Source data
----------
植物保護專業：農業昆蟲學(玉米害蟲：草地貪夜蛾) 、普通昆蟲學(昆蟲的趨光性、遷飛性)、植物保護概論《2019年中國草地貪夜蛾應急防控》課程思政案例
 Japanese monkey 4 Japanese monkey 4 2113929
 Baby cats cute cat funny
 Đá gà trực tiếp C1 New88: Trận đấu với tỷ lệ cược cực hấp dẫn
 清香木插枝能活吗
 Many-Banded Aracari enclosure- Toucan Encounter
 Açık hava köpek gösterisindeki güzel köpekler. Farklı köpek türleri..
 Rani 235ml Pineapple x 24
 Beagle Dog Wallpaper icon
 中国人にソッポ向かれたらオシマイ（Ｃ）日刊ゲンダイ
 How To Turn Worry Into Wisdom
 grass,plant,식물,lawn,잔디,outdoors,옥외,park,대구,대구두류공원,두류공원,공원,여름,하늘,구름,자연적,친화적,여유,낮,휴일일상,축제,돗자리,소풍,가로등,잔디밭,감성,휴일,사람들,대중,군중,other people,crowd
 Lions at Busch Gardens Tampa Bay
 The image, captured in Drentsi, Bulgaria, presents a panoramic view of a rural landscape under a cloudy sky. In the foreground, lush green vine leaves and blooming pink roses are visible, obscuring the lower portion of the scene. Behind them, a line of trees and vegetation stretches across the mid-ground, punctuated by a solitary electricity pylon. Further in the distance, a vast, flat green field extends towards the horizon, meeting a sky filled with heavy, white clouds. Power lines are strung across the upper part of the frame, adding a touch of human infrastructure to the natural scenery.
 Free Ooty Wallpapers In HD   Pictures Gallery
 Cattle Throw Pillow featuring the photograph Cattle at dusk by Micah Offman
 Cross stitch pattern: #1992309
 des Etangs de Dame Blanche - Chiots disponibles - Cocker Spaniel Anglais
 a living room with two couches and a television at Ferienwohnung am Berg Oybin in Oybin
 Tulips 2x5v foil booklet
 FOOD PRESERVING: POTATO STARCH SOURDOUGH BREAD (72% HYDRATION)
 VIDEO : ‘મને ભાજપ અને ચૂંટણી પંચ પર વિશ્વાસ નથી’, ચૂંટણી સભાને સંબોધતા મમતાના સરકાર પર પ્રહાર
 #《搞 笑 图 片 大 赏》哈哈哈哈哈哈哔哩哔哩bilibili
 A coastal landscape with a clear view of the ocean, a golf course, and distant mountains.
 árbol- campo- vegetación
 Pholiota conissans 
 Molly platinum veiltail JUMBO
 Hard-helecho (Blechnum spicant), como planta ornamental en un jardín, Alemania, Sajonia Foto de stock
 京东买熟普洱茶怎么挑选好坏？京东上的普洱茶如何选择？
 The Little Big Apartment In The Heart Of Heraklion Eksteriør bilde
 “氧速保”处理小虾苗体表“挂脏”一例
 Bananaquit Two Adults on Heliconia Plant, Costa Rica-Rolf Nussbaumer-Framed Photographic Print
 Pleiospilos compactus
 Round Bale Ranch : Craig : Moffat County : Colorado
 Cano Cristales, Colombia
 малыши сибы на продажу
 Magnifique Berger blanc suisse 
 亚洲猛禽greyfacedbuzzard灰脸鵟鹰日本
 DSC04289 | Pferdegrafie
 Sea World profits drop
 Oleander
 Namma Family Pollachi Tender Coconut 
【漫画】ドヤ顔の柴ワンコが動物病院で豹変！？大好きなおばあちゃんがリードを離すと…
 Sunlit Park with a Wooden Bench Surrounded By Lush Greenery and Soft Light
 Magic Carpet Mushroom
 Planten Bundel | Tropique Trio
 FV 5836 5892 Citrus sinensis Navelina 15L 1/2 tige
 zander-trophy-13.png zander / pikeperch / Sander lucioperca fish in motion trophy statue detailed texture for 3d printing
----------
Print the records above verbatim from their first line to the line containing "Hard-helecho (Blechnum spicant), como", both included, and stop there.

Solution to the problem:
植物保護專業：農業昆蟲學(玉米害蟲：草地貪夜蛾) 、普通昆蟲學(昆蟲的趨光性、遷飛性)、植物保護概論《2019年中國草地貪夜蛾應急防控》課程思政案例
 Japanese monkey 4 Japanese monkey 4 2113929
 Baby cats cute cat funny
 Đá gà trực tiếp C1 New88: Trận đấu với tỷ lệ cược cực hấp dẫn
 清香木插枝能活吗
 Many-Banded Aracari enclosure- Toucan Encounter
 Açık hava köpek gösterisindeki güzel köpekler. Farklı köpek türleri..
 Rani 235ml Pineapple x 24
 Beagle Dog Wallpaper icon
 中国人にソッポ向かれたらオシマイ（Ｃ）日刊ゲンダイ
 How To Turn Worry Into Wisdom
 grass,plant,식물,lawn,잔디,outdoors,옥외,park,대구,대구두류공원,두류공원,공원,여름,하늘,구름,자연적,친화적,여유,낮,휴일일상,축제,돗자리,소풍,가로등,잔디밭,감성,휴일,사람들,대중,군중,other people,crowd
 Lions at Busch Gardens Tampa Bay
 The image, captured in Drentsi, Bulgaria, presents a panoramic view of a rural landscape under a cloudy sky. In the foreground, lush green vine leaves and blooming pink roses are visible, obscuring the lower portion of the scene. Behind them, a line of trees and vegetation stretches across the mid-ground, punctuated by a solitary electricity pylon. Further in the distance, a vast, flat green field extends towards the horizon, meeting a sky filled with heavy, white clouds. Power lines are strung across the upper part of the frame, adding a touch of human infrastructure to the natural scenery.
 Free Ooty Wallpapers In HD   Pictures Gallery
 Cattle Throw Pillow featuring the photograph Cattle at dusk by Micah Offman
 Cross stitch pattern: #1992309
 des Etangs de Dame Blanche - Chiots disponibles - Cocker Spaniel Anglais
 a living room with two couches and a television at Ferienwohnung am Berg Oybin in Oybin
 Tulips 2x5v foil booklet
 FOOD PRESERVING: POTATO STARCH SOURDOUGH BREAD (72% HYDRATION)
 VIDEO : ‘મને ભાજપ અને ચૂંટણી પંચ પર વિશ્વાસ નથી’, ચૂંટણી સભાને સંબોધતા મમતાના સરકાર પર પ્રહાર
 #《搞 笑 图 片 大 赏》哈哈哈哈哈哈哔哩哔哩bilibili
 A coastal landscape with a clear view of the ocean, a golf course, and distant mountains.
 árbol- campo- vegetación
 Pholiota conissans 
 Molly platinum veiltail JUMBO
 Hard-helecho (Blechnum spicant), como planta ornamental en un jardín, Alemania, Sajonia Foto de stock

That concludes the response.